Dr Phil Smith’s Wildlife Notes
In August’s notes, I mentioned the Field Gentian survey that Patricia Lockwood and I had started on Ainsdale Sand Dunes National Nature Reserve. Because of its recent decline, this beautiful wild flower has been highlighted by the Botanical Society of the British Isles as a “threatened plant”. We knew there were large numbers in the NNR but no-one had ever counted them. In the event, helped on several occasions by Dr Mary Dean, it took us 20 visits to complete our, often exhausting, search of 88ha of open dunes. We mapped over 350 sites containing Field Gentians, the final total being an extraordinary 140,700 plants (and we must have missed lots!). Most of them were found in dry-slacks or around the fringes of wet-slacks and nearly all were in vegetation that was heavily rabbit-grazed and also fenced for winter-grazing by sheep. The greatest concentrations of gentians were in the so-called Dune Restoration Area where pine trees and scrub were removed in the early 1990s. Thus, two large slacks here supported 47,000 and 31,000 plants respectively. We also found thousands of the related Autumn Gentian (Gentianella amarella), which is more common nationally.
The only other place in southern Britain with flourishing populations of Field Gentian is the New Forest, where recent counts suggest high tens-of-thousands. The plant is still widespread in Scotland but I understand the biggest concentrations are only of a few thousands. It seems then that Ainsdale NNR is the best site in Britain for this species, which is also red-listed as endangered in many European countries.
As a welcome break from gentian spotting, Pat and I visited the Devil’s Hole, Ravenmeols, on 12th September to record the vegetation colonising the floor of this double blow-out that began to form in the early 1940s. We identified 67 plants in the northern basin, which has been flooding in wet winters since the early 1990s, and 30 in the southern hollow, which held water for the first time in 2008. Ten of the plants are regionally or nationally notable, including Grass-of-Parnassus, Blunt-flowered Rush and two species of orchid. Most of these have appeared since the last survey five years ago when only 16 plants were found. The Devil’s Hole is important as one of very few examples on the coast of a recently formed dune-slack created by wind-blow, most of the dune system being so overgrown that such features are now rare.

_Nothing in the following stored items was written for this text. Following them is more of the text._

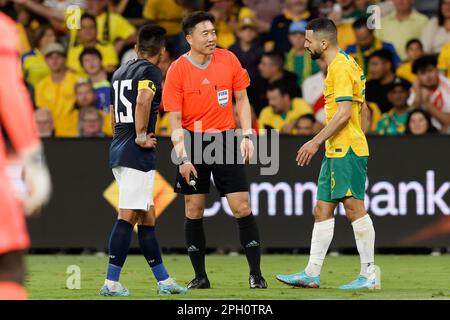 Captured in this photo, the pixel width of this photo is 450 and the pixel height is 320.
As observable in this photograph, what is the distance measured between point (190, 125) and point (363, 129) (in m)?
1.43

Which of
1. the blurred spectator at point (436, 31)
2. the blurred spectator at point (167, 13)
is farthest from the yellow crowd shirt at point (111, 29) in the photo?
the blurred spectator at point (436, 31)

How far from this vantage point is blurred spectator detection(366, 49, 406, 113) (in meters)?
14.4

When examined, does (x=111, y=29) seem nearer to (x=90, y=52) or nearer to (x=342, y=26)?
(x=90, y=52)

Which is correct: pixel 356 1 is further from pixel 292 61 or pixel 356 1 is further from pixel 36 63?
pixel 36 63

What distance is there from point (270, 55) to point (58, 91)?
2.83m

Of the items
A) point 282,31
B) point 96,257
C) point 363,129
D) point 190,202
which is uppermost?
point 282,31

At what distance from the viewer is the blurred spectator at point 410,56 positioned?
14.9 metres

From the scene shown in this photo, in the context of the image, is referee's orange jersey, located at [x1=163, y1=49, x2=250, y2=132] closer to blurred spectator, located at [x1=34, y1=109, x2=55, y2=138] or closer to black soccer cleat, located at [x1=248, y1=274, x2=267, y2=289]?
black soccer cleat, located at [x1=248, y1=274, x2=267, y2=289]

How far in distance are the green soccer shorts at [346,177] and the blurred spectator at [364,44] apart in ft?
19.0

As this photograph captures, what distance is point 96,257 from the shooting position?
1328 cm

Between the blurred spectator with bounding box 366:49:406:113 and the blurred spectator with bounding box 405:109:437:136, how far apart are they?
52 cm

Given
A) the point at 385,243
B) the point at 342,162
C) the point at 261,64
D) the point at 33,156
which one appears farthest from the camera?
the point at 261,64

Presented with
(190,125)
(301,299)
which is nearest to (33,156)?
(301,299)

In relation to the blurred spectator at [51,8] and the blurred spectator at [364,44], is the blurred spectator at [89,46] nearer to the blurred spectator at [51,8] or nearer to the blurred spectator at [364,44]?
the blurred spectator at [51,8] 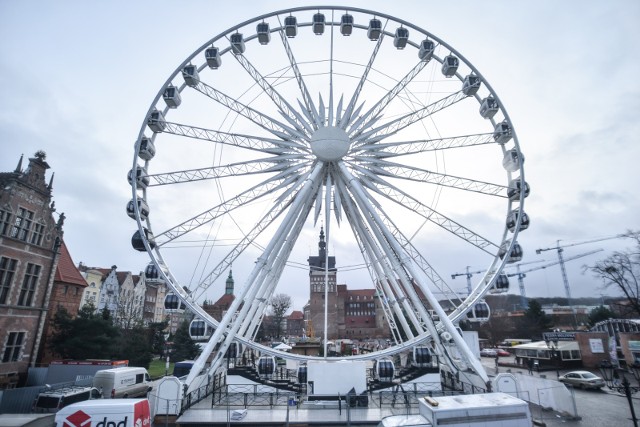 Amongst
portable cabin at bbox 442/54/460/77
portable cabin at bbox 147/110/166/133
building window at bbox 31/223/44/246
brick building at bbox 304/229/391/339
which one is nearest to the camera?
portable cabin at bbox 147/110/166/133

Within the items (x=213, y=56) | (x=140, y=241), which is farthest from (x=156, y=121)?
(x=140, y=241)

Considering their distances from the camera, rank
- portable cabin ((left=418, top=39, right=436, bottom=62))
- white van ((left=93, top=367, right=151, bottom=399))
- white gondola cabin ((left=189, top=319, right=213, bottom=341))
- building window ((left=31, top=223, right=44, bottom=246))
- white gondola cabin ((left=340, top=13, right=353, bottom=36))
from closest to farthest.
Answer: white gondola cabin ((left=189, top=319, right=213, bottom=341)) → white van ((left=93, top=367, right=151, bottom=399)) → portable cabin ((left=418, top=39, right=436, bottom=62)) → white gondola cabin ((left=340, top=13, right=353, bottom=36)) → building window ((left=31, top=223, right=44, bottom=246))

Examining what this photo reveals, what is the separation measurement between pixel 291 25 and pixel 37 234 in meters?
24.8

September is usually a good month for grasshoppers and crickets. Although we have only four kinds (three grasshoppers, one groundhopper and one bush-cricket), they can be abundant locally and make attractive, if challenging, subjects for close-up photography. I spent an entertaining hour on 20th with Short-winged Coneheads at Tagg’s Island Birkdale. These 2cm-long bush-crickets first appeared in our region as recently as 2002 and are always alert to danger, dodging behind plant stems when the camera lens approaches. With patience, however, it is possible to get pictures.
I also took my camera on 14th when Trevor Davenport phoned to say he had caught a Convolvulus Hawkmoth in his Freshfield moth-trap. This great rarity is one of the largest British insects and was a new tick for me. We managed to unfurl its four-inch proboscis and give it a drink of sugar-water. This had the desired effect, as it flew away shortly afterwards.